### Records from a data source
══════════
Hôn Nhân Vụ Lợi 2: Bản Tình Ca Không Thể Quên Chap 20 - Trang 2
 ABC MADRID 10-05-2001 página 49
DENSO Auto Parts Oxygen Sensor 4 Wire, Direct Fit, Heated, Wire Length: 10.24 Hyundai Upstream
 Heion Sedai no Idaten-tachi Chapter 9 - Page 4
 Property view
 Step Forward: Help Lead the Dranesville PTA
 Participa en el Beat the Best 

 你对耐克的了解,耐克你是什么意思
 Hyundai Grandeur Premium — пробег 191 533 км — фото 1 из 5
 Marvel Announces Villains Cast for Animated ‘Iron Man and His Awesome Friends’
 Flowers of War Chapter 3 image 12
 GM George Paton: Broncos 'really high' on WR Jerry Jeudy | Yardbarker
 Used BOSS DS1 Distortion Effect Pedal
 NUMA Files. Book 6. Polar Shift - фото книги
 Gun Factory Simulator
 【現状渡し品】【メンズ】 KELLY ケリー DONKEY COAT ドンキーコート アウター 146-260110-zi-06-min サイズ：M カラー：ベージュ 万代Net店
══════════
### WHAT IS REQUIRED
Where a line in the records above includes the string "Chapter", show it.

### RESULT OF THIS EXERCISE
 Heion Sedai no Idaten-tachi Chapter 9 - Page 4
 Flowers of War Chapter 3 image 12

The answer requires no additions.